With so much attention rightly focused on the Gulf oil spill, it's easy to forget that BP has other businesses. Take BP Biofuels North America, a division that announced last week it will pay $98.3 million for Verenium Corp.'s (VRNM) cellulosic biofuels business. Skeptics out there may look at this as a relatively cheap PR ploy. What better way to start boosting your oil-soaked beaches image than to snap up a business that's trying to commercialize advanced biofuels made from non-food stocks, right?

The purchase has nothing to do with the oil spill or BP's image. It's about cost control. Whether this is a worthwhile investment is another question altogether. BP and Verenium formed a 50-50 joint venture back in 2008 to develop commercial-scale cellulosic ethanol. Verenium, which started as a specialty enzymes developer and before it expanded into cellulosic biofuels, has struggled financially for years. More recently warned it wouldn't be able to make debt payments without an injection of capital.

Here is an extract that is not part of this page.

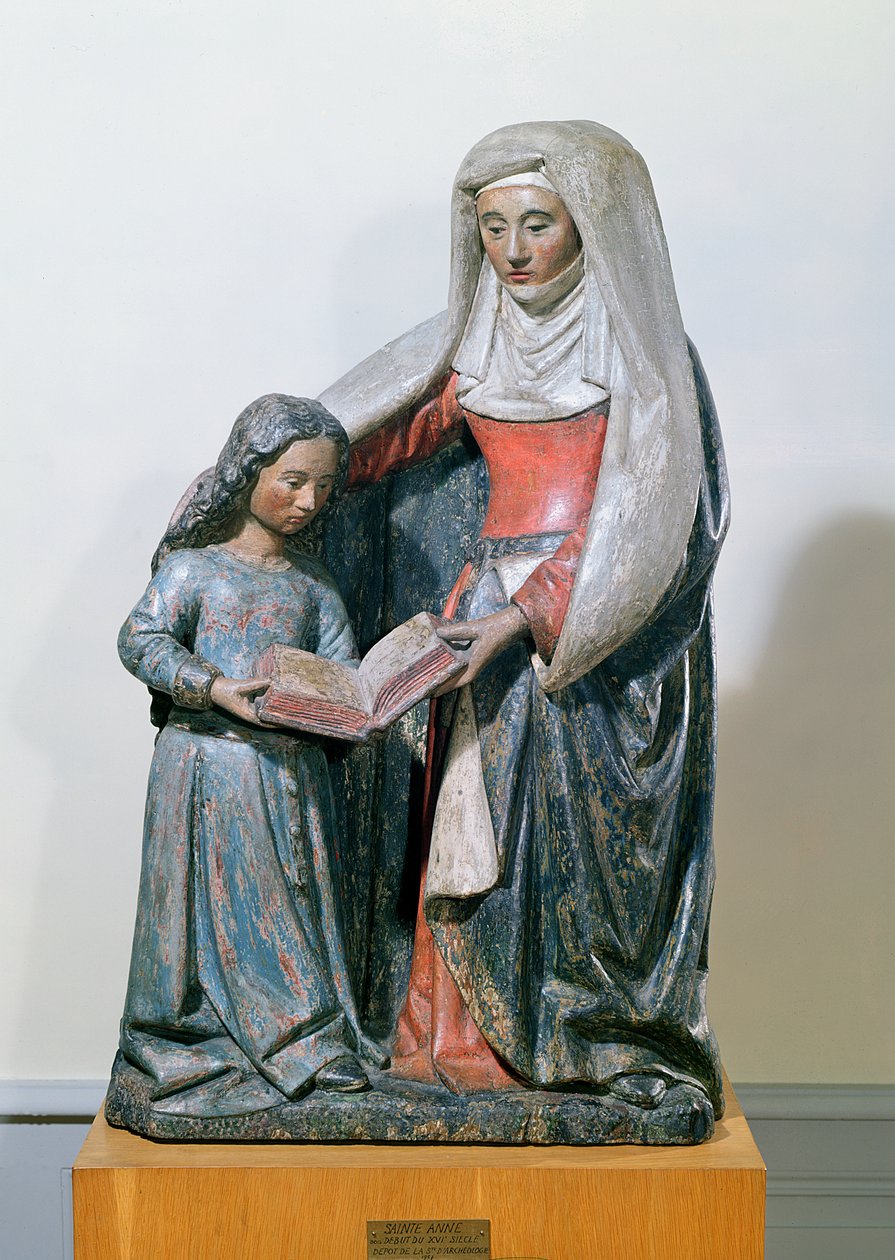 Santa Ana e a Virgem, 1500-30 (madeira policromada) de French School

As a result, BP is able to buy Verenium's cellulosic biofuels business on the cheap. The $98.3 million payment includes biofuels and enzyme technology developed by Verenium; a pilot plant in Louisiana and a demonstration-scale facility as well as research and development centers in San Diego. BP also will become the sole investor in Galaxy Biofuels and Vercipa Biofuels, two ventures formed with Verenium.

This would be a great deal for BP were it not for the high-risk still related to cellulosic ethanol and that it will take considerably more money to develop the business. Verenium, for example, was once considered a leader among the many start-ups trying to crack the cellulosic biofuels problem. Now Verenium's technology -- the same tech that BP just bought the rights to -- is seen as lagging behind its competitors, as Forbes recently noted.

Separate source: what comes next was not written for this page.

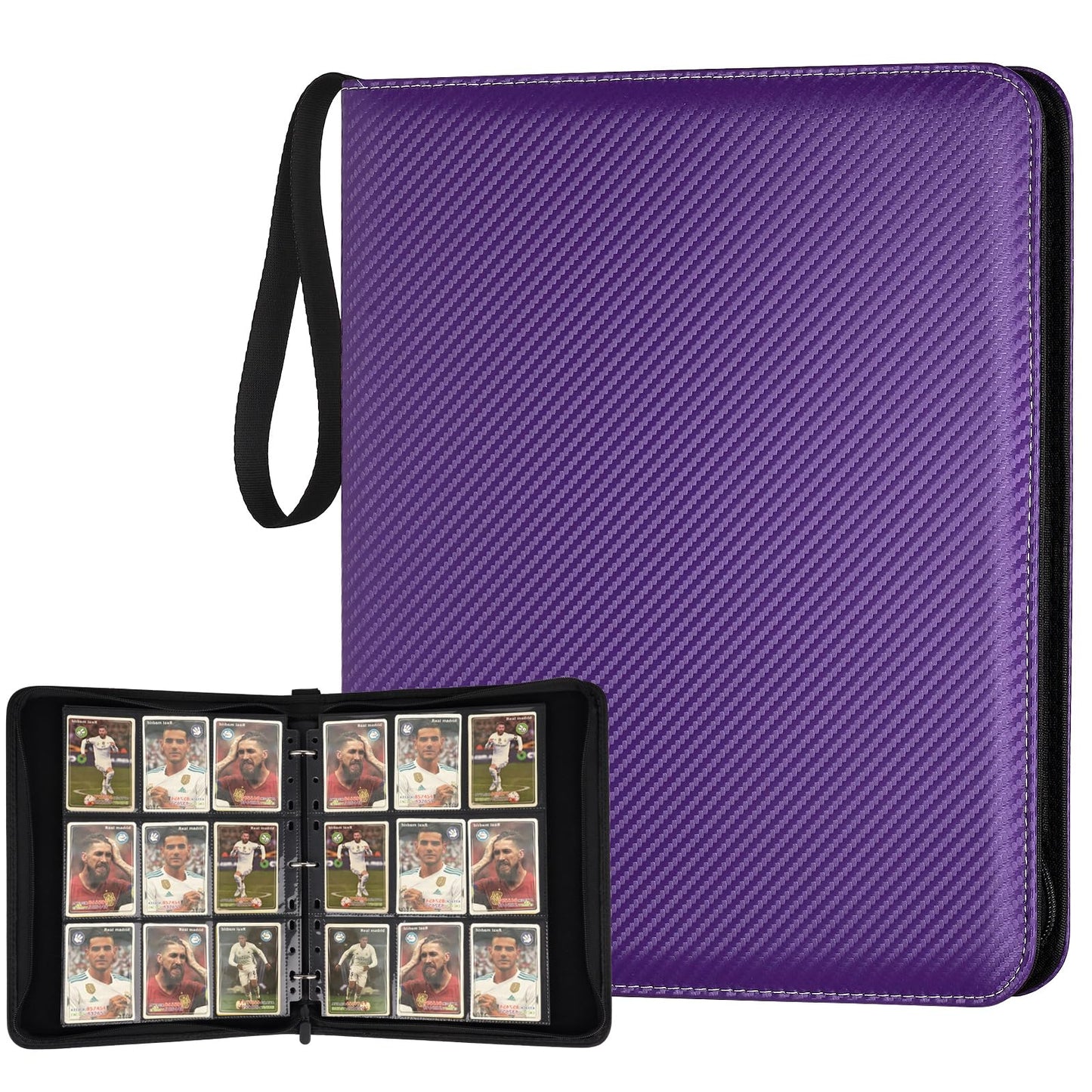 GERMUN 9 Pocket Card Binder, Premium Zip Trading Card Binder, 720 Double Sided Pocket PU Card Collection Binder, Collector Card Album, Card Folder for MTG, TCG, Sports Cards, Game Cards (purple)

Sure, $98.3 million is drop in the bucket for BP. But the purchase signals the company's commitment to cellulosic ethanol, which means it will spend a lot more in the coming decade. BP and Verenium were supposed to build a commercial-scale ethanol plant in Florida, a facility that will cost around $300 million. BP will continue with this venture and apply for a loan guarantee from the federal government.

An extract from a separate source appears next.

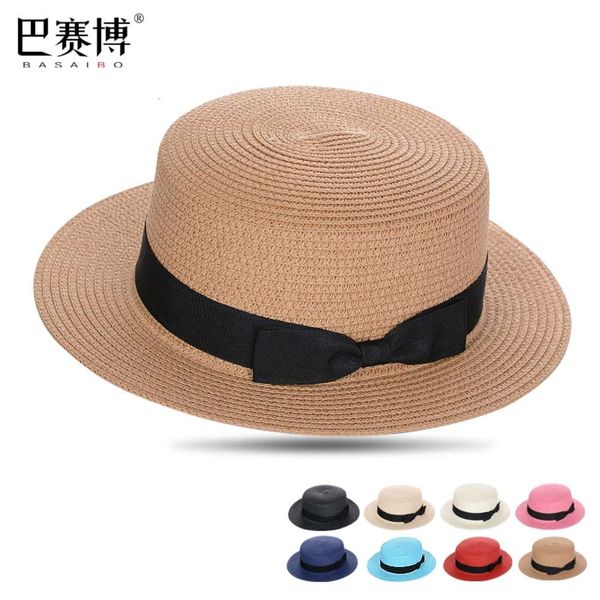 

girl summer sun shading straw british bow hat beach hat, Blue;gray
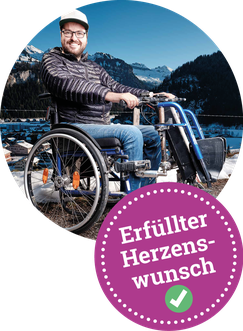Michael Holdener, Abenteuer mit dem Rollstuhl von der Schweiz nach Liverpool in 20 Tagen.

Verenium is the real winner in this deal. The company finally gets to shed its money-losing cellulosic ethanol unit and focus on its enzymes business instead, which is actually generating revenues. Its enzyme product revenues in the first quarter represented some 89 percent of its total revenues. Verenium reported first quarter revenue of $11.6 million from its enzymes product sales, up from $10.6 million in same period last year.